-- What to work on --
Your task is to transcribe the entries below exactly, beginning with the line containing "Voluntary Labeling for Retailers (1)" and ending with the final line, and to add nothing else.

-- Excerpted data --
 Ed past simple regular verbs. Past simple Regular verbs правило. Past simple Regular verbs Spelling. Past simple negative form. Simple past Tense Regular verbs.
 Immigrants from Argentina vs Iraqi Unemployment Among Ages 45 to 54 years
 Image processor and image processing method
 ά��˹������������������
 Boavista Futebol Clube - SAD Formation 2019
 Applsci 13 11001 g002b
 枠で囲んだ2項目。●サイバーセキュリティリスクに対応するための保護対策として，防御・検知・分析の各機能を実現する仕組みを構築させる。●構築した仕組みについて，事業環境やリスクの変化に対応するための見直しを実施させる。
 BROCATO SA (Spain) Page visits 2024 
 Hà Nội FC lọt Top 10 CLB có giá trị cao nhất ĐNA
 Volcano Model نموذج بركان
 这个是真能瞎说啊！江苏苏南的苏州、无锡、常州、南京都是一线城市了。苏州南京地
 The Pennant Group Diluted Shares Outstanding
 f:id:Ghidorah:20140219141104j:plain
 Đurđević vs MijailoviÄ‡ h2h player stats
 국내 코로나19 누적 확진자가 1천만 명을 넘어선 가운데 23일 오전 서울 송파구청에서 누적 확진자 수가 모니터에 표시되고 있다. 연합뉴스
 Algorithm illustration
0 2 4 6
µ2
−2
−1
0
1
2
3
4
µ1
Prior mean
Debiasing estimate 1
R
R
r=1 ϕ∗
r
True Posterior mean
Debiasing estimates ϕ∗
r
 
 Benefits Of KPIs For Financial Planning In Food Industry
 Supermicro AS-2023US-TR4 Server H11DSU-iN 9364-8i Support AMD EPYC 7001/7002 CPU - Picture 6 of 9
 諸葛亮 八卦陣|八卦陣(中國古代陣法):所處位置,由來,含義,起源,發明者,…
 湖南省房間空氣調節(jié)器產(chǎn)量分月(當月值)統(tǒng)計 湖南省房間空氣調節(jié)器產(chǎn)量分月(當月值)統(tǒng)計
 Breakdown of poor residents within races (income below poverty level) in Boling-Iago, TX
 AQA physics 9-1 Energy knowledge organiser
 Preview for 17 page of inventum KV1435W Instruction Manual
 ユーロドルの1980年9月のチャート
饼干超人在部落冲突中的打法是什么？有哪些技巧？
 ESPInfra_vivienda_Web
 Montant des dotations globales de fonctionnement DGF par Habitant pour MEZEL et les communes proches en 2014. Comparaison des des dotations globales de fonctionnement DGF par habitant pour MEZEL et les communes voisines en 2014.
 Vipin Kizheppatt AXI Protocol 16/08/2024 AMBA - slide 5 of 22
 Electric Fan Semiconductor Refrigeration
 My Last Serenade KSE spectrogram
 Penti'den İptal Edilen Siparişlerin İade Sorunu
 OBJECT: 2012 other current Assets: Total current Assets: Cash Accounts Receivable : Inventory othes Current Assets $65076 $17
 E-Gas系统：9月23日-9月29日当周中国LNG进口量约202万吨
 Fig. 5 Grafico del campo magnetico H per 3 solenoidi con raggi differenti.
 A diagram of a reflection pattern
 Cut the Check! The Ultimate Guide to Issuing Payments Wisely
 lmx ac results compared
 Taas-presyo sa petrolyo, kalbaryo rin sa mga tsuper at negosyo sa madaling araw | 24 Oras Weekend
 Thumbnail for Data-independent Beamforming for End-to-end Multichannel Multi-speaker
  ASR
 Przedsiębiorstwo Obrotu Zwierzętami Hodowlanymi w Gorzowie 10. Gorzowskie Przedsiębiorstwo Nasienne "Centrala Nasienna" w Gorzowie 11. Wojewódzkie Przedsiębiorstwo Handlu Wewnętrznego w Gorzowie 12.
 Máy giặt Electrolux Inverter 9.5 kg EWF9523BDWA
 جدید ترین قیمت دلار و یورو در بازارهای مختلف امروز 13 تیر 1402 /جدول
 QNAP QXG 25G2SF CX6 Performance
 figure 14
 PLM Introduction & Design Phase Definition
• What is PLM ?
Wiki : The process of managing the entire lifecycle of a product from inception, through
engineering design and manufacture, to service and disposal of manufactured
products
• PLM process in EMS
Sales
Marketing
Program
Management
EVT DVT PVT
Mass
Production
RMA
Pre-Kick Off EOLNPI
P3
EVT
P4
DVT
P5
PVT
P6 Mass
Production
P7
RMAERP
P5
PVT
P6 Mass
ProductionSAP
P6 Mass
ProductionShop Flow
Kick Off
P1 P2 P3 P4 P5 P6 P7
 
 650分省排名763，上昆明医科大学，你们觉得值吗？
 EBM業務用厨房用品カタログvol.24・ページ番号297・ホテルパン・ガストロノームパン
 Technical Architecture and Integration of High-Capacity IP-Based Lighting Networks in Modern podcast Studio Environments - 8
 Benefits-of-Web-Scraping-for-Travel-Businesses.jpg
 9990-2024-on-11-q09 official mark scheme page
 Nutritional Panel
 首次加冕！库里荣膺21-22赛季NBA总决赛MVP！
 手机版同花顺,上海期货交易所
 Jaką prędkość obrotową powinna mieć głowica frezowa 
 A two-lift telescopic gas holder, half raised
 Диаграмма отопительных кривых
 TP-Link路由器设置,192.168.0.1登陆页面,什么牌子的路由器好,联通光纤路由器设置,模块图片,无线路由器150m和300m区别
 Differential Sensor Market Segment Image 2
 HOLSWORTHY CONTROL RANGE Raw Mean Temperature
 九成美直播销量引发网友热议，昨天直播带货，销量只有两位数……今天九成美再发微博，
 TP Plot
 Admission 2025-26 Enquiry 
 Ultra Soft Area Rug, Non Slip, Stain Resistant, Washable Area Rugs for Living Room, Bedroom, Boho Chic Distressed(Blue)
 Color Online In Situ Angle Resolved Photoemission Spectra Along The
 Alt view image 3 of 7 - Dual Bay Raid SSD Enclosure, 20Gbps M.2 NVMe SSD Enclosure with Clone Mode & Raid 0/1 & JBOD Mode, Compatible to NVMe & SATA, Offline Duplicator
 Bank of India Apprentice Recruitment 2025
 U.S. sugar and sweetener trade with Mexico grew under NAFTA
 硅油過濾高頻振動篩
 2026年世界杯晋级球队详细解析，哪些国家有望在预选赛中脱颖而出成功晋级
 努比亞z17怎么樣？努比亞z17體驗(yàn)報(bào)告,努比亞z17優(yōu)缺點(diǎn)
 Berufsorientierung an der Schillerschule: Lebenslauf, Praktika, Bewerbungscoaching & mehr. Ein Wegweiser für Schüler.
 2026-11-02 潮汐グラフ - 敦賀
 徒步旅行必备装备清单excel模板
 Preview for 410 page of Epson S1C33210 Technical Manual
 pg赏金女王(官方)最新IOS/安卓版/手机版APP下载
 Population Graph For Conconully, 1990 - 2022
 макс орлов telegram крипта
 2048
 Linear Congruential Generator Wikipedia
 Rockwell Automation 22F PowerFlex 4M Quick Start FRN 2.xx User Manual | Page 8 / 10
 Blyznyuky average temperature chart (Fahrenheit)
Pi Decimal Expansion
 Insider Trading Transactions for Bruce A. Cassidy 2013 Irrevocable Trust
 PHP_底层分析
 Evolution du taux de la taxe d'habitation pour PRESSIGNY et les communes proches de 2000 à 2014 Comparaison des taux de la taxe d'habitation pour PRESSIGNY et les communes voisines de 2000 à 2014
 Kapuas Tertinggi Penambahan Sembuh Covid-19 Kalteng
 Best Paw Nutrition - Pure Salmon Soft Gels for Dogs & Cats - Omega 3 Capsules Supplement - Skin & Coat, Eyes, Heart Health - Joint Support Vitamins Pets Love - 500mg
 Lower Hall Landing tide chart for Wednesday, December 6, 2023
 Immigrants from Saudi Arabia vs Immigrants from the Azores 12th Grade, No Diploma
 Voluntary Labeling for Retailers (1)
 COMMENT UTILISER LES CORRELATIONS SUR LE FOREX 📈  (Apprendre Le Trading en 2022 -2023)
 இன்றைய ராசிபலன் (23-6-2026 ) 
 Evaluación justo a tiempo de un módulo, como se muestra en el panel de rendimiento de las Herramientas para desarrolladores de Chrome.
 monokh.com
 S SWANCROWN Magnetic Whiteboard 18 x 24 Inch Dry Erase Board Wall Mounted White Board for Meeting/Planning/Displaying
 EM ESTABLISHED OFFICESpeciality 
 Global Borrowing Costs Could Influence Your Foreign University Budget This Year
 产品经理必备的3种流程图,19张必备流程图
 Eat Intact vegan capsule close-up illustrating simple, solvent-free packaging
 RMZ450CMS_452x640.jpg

-- Response --
 Voluntary Labeling for Retailers (1)
 COMMENT UTILISER LES CORRELATIONS SUR LE FOREX 📈  (Apprendre Le Trading en 2022 -2023)
 இன்றைய ராசிபலன் (23-6-2026 ) 
 Evaluación justo a tiempo de un módulo, como se muestra en el panel de rendimiento de las Herramientas para desarrolladores de Chrome.
 monokh.com
 S SWANCROWN Magnetic Whiteboard 18 x 24 Inch Dry Erase Board Wall Mounted White Board for Meeting/Planning/Displaying
 EM ESTABLISHED OFFICESpeciality 
 Global Borrowing Costs Could Influence Your Foreign University Budget This Year
 产品经理必备的3种流程图,19张必备流程图
 Eat Intact vegan capsule close-up illustrating simple, solvent-free packaging
 RMZ450CMS_452x640.jpg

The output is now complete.